Jyoty has appeared at major festivals, including Melt Festival, Parklife Festival, Glastonbury Festival, All Points East, and Boiler Room's 2023 outdoor festival. In 2025, she led the Homegrown crew at Red Bull's Culture Clash at Drumsheds in London, alongside Flowdan, Lil Silva, Conducta, and Stush, representing electronic club culture in a four-round battle inspired by Jamaican sound clash traditions. Although the Spice Army, led by Spice, won the event, Jyoty's crew was praised for its unique live dubs and UK-focused electronic sounds. In 2025, Jyoty announced her biggest headline show to date, "Jyoty’s Palace", at London's Alexandra Palace, becoming one of the few DJs to headline the venue.
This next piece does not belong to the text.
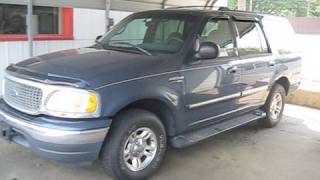 Update On 2001 Repo Ford Expedition Start Up Engine In Depth Tour [upl. by Gnirol]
=== Homegrown and community initiatives ===
In 2022, Singh launched Homegrown, a series of intimate club nights with a no-phones policy and unannounced line-ups to foster authentic, inclusive club culture. These events, emphasizing community and freedom of expression, have sold out rapidly in Amsterdam, New York, London and Barcelona, at venues including KOKO, Paradiso, Public Records and Razzmatazz. She also founded the podcast series For Real, For Real and has hosted DJ workshops, including sessions for women in Kolkata, India, with the British Council, and a six-week course for young British Asian women aspiring to enter the music industry. In 2023, she was among over 50 artists, including Massive Attack and Brian Eno, who signed an open letter urging Field Day to distance itself from its parent company KKR, due to ethical concerns over its investments in Israeli companies linked to the Gaza genocide.

=== Media and endorsements ===
Jyoty has been featured on the covers of Mixmag (January 2023), DJ Mag, Notion, and Gauchoworld, cementing her influence in global music culture. Her 2023 Mixmag cover mix, featuring UK garage, baile funk, and pop edits, was highlighted as one of the year's best DJ mixes. She has served as a music supervisor for brands like Patta, Jacquemus, and Prada, and advises producers on emerging talent. With over 245,000 TikTok followers, her social media presence amplifies her cultural impact.

== Personal life ==
Singh identifies strongly with her Indian heritage and advocates for greater diversity in the music industry, particularly for South Asian women. She has spoken about overcoming cultural expectations and the lack of representation in the industry, aiming to create opportunities through her workshops and mentorship. She resides in London and maintains close ties to her Amsterdam roots.

== Discography ==
As of 2025, Jyoty has not released original music but is known for her curated DJ mixes and radio shows, available on platforms like SoundCloud and Rinse FM.